Short text fragments from websites:
-- Opening Marker --
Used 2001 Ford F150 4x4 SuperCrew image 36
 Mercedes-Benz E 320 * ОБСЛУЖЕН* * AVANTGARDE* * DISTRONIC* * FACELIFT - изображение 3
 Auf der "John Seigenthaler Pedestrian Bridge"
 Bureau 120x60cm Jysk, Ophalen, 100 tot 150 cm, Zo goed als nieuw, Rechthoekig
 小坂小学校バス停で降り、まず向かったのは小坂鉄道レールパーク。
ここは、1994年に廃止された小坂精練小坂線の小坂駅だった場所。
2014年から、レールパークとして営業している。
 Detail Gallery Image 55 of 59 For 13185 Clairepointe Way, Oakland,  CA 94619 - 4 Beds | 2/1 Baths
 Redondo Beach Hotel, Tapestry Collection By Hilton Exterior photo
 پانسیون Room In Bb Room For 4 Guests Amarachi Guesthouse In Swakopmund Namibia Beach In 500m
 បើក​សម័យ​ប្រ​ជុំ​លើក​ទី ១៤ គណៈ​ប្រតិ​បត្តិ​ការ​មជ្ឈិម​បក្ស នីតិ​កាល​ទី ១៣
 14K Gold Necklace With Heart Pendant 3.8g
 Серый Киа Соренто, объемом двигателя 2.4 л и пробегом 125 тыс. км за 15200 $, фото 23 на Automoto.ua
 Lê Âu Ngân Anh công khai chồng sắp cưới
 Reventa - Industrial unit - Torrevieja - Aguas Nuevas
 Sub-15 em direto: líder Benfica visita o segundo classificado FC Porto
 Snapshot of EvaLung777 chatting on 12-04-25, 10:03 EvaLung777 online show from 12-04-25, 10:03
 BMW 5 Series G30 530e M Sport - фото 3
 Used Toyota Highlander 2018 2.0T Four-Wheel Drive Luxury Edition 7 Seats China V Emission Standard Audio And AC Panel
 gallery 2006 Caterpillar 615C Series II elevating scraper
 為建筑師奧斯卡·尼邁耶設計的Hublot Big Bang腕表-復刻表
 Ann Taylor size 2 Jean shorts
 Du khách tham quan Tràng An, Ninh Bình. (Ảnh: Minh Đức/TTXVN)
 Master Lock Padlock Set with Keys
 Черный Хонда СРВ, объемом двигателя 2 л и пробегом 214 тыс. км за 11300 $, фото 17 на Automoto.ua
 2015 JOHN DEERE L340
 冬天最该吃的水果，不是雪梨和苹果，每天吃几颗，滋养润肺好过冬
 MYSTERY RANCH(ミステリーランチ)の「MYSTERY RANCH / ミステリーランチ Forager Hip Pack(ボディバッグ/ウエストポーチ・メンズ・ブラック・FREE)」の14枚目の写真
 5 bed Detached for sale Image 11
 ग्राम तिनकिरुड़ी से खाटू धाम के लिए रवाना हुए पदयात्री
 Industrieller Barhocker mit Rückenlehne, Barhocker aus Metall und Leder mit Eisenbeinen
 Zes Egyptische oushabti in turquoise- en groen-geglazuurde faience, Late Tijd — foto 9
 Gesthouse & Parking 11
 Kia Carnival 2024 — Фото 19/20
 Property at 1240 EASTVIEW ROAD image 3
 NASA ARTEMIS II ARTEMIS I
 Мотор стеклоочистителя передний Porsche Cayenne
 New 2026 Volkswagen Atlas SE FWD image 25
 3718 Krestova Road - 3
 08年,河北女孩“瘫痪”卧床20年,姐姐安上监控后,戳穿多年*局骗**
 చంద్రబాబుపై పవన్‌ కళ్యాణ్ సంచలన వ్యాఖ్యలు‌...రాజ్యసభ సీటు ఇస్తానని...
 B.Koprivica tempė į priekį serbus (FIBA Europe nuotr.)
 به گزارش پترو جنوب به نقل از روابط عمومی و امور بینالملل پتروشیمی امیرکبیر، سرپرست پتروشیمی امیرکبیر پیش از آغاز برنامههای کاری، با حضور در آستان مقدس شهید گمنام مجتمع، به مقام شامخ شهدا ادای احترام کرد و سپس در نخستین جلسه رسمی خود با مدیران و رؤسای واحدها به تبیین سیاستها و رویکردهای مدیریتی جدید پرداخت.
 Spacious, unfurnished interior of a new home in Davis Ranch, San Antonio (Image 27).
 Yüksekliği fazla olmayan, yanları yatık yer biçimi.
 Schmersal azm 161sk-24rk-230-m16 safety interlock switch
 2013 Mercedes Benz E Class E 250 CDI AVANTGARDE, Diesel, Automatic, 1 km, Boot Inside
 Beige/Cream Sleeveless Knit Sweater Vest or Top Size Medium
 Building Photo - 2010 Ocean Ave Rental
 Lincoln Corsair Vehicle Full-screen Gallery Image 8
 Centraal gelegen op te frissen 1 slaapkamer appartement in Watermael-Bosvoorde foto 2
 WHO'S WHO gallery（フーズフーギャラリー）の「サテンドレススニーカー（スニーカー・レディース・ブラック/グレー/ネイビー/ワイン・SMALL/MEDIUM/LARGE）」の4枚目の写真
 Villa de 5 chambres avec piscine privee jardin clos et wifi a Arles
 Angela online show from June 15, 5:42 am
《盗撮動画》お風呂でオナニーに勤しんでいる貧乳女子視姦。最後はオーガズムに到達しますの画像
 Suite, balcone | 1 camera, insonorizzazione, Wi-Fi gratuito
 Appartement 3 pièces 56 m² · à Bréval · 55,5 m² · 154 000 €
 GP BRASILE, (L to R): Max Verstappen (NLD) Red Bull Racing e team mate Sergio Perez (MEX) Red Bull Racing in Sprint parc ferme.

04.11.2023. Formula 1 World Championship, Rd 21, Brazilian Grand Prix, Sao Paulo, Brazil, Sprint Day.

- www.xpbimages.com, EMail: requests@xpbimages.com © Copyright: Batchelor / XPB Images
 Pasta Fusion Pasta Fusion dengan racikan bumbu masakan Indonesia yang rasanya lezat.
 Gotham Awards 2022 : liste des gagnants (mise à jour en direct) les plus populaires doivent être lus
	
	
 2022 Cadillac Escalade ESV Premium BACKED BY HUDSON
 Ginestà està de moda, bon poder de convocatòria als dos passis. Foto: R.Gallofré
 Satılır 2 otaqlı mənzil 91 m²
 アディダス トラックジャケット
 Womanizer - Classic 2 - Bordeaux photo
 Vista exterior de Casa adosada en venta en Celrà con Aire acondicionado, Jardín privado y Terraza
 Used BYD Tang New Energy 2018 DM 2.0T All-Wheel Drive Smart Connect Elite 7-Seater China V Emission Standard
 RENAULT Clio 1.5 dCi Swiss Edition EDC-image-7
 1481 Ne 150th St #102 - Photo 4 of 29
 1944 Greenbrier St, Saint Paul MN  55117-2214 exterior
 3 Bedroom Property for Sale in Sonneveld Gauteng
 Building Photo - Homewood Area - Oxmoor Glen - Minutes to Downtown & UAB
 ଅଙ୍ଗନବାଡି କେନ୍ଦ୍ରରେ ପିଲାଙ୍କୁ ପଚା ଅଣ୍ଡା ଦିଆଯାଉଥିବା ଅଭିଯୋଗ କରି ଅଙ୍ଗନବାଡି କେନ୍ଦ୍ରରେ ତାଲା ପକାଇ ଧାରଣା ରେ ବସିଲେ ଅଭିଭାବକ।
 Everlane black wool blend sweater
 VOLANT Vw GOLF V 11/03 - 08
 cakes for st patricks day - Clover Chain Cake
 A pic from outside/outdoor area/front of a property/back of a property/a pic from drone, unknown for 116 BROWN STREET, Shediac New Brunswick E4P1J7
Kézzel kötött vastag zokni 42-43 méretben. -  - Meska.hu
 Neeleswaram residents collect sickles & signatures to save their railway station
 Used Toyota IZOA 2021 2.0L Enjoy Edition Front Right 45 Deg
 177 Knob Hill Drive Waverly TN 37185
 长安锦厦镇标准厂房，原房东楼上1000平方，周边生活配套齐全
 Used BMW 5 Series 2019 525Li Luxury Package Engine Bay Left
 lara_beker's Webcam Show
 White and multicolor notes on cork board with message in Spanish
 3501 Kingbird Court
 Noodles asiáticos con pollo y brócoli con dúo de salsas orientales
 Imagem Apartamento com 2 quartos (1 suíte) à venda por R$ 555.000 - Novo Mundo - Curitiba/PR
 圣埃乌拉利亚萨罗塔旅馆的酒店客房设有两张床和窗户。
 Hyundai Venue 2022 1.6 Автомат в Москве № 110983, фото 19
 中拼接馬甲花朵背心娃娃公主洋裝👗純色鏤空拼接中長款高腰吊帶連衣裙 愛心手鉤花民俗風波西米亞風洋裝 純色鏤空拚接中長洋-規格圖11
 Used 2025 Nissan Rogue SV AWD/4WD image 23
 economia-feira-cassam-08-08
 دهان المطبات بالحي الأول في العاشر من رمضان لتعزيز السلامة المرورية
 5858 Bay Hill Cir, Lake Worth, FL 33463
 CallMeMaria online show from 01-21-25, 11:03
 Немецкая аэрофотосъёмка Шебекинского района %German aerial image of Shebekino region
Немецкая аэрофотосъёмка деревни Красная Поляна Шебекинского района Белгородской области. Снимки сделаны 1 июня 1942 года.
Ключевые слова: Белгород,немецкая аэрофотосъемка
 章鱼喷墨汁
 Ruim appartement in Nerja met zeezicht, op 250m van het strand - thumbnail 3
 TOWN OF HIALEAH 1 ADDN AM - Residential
-- Closing Marker --
What you are asked to do: From the records above, return each line that includes "Mercedes".

Exercise output:
 Mercedes-Benz E 320 * ОБСЛУЖЕН* * AVANTGARDE* * DISTRONIC* * FACELIFT - изображение 3
 2013 Mercedes Benz E Class E 250 CDI AVANTGARDE, Diesel, Automatic, 1 km, Boot Inside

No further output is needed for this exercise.